A comparison of skin graft success in the head & neck with and without the use of a pressure dressing.

Autor: Dhillon M; Regional Oral and Maxillofacial Unit, Institute of Neurosciences, Southern General Hospital, 1345 Govan Road, Glasgow, G51 4TF Scotland, UK., Carter CP; Maxillofacial Unit, Crosshouse Hospital, Kilmarnock, Scotland, UK., Morrison J; Maxillofacial Unit, Crosshouse Hospital, Kilmarnock, Scotland, UK., Hislop WS; Maxillofacial Unit, Crosshouse Hospital, Kilmarnock, Scotland, UK., Currie WJ; Maxillofacial Unit, Crosshouse Hospital, Kilmarnock, Scotland, UK.
Jazyk: angličtina
Zdroj: Journal of maxillofacial and oral surgery [J Maxillofac Oral Surg] 2015 Jun; Vol. 14 (2), pp. 240-2. Date of Electronic Publication: 2014 Feb 11.
DOI: 10.1007/s12663-014-0618-8
Abstrakt: Background: The success of skin grafting is dependent on the interplay between many factors including nutrient uptake and vascular in-growth. To allow this, it is important that the graft is immobile and traditionally a 'pressure dressing' has been placed over the graft to improve outcome and graft 'take'. We present the findings of our comparative study of full-thickness skin grafts performed in the head, neck and face region over a period of 24 months. We felt that there was an unacceptably high infection rate and graft failure using pressure dressings.

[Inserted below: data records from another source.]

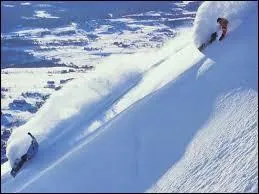 Combien de personnes dans ces sportifs &eacute;taient des hommes ?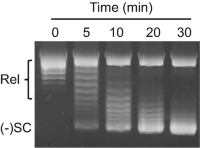 One-dimensional resolution of relaxed and negatively supercoiledDNA supercoiling DNA topoisomersDNA topoisomers DNA topoisomers .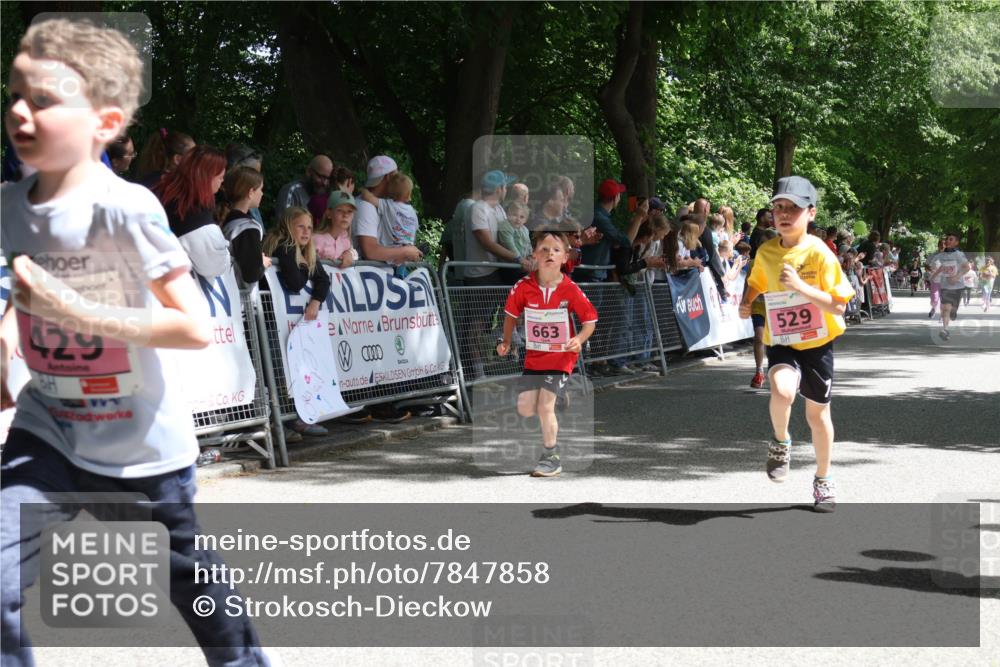 17.05.2025 - Störlauf Strokosch-Dieckow http://msf.ph/oto/7847858 17.05.2025 13:56:55 Ziel 429, 663, 529 meine-sportfotos.de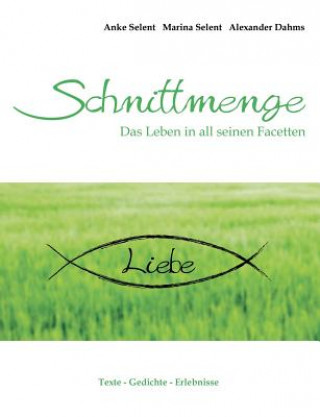 Kniha Schnittmenge Liebe Anke Selent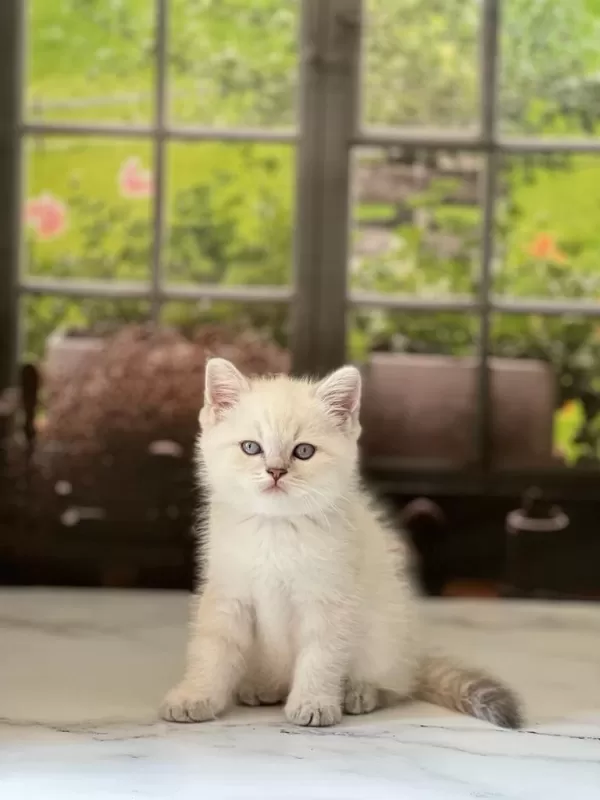Teslime Hazir British Shorthair Yavrularim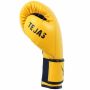 Invincible Tejas Fitness Training Synthetic Leather Boxing Gloves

Methods: Data was collected retrospectively from the case notes on 70 patients who had undergone full-thickness skin grafting to the head, neck and face over a 2 year period. Thirty-five patients underwent grafting with pressure dressing and 35 without. The group with the pressure dressing had the same 'bolster' specification-type dressing and those without had their graft 'quilted' in and chloramphenicol ointment applied topically. Success was determined by the percentage 'take' of the grafts and absence of infection i.e. purulence.
Results: Infection in those with a pressure dressing stood at 26 % in contrast to those without, at 9 %. Without a pressure dressing we observed no total graft failures, compared to 6 % in those with a pressure dressing.
Conclusions: The results confirmed the perception that there was a higher infection and graft failure rate where a pressure dressing was applied; however, this was not a statistically significant difference and a randomised control trial with a larger sample size would be required to validate the results.